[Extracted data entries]

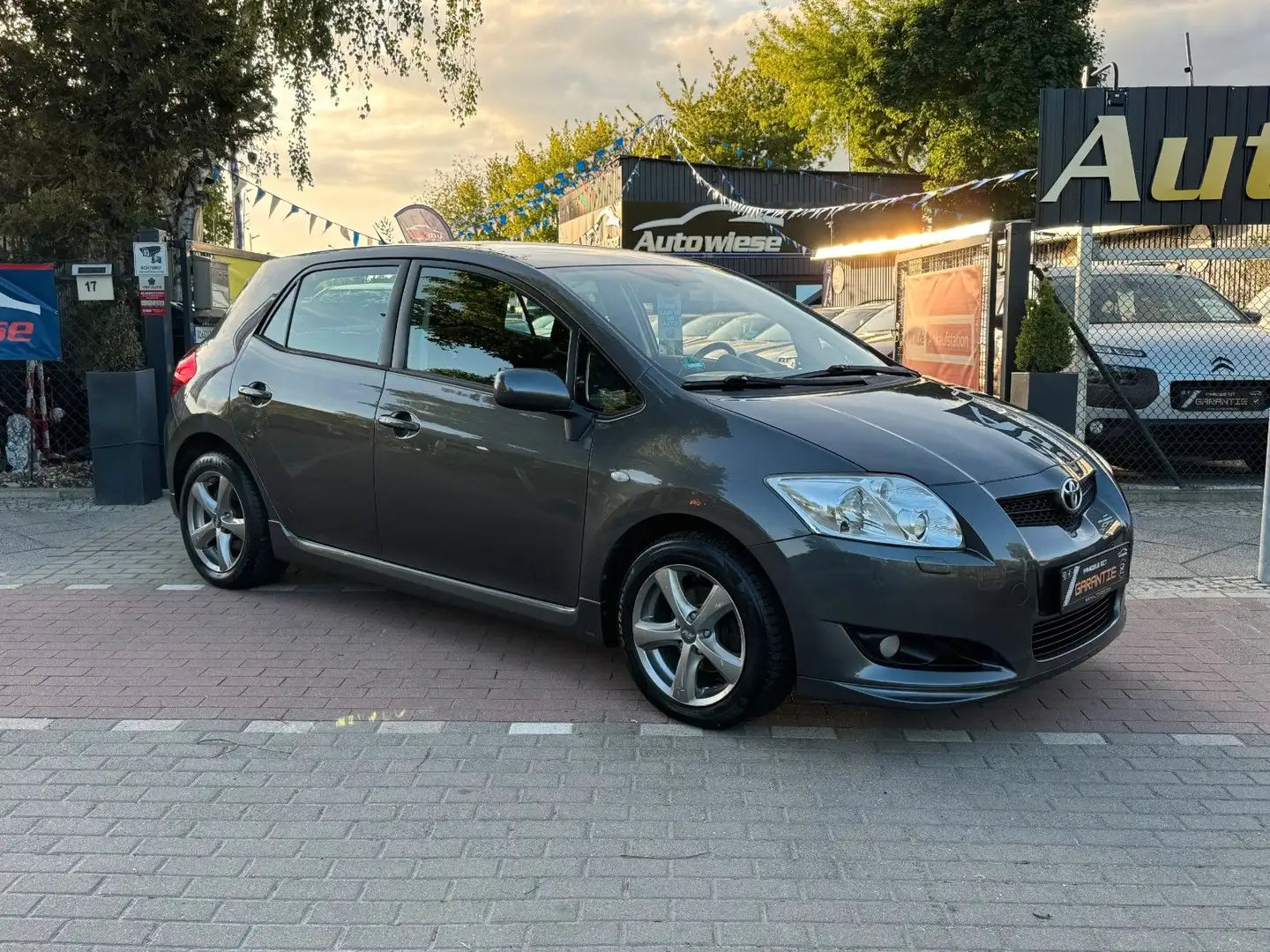 Vehicle image, number 1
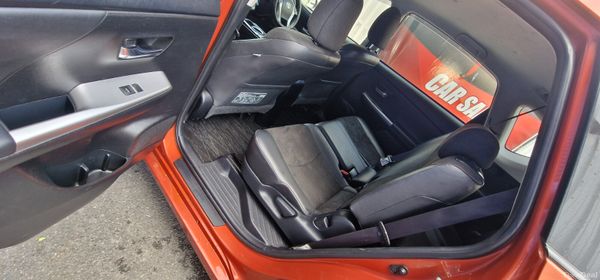 Toyota Prius Alpha Half leather AA Approved 368780158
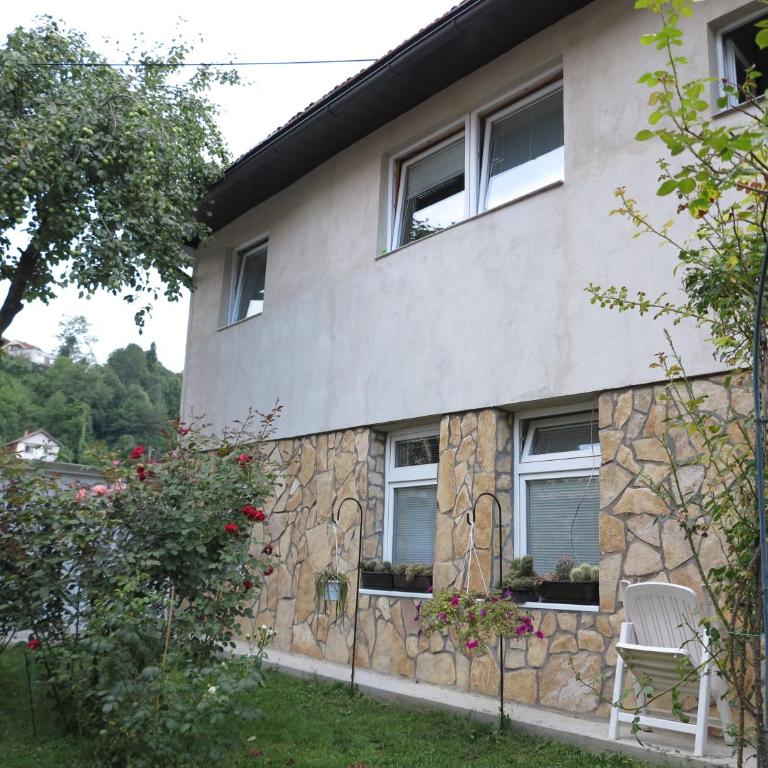 Modern&Cozy Bosnian house with GARDEN+FREE parking - Porodični Apartman Tipa "Suite" - 40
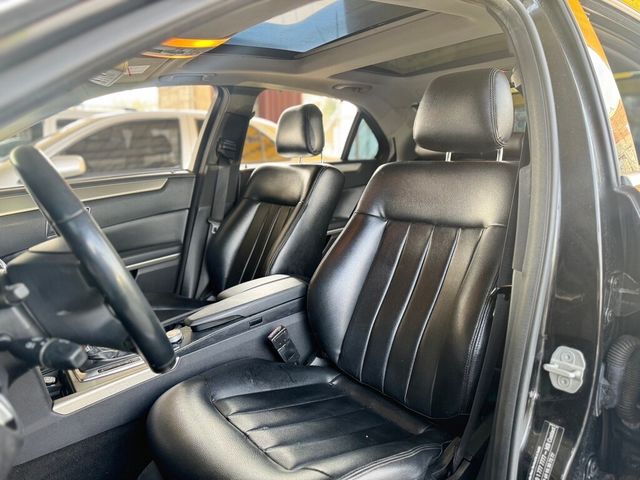 M-BENZ賓士 E200  第9張相片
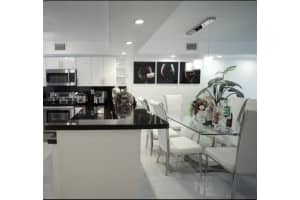 14921 SW 80th St APT 218, Miami, FL 33193, Sold 10/31/24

GOAL OF THE EXERCISE — Each entry above has to be set down again verbatim, except for its pictures.

RESULT —
 Vehicle image, number 1
 Toyota Prius Alpha Half leather AA Approved 368780158
 Modern&Cozy Bosnian house with GARDEN+FREE parking - Porodični Apartman Tipa "Suite" - 40
 M-BENZ賓士 E200  第9張相片
 14921 SW 80th St APT 218, Miami, FL 33193, Sold 10/31/24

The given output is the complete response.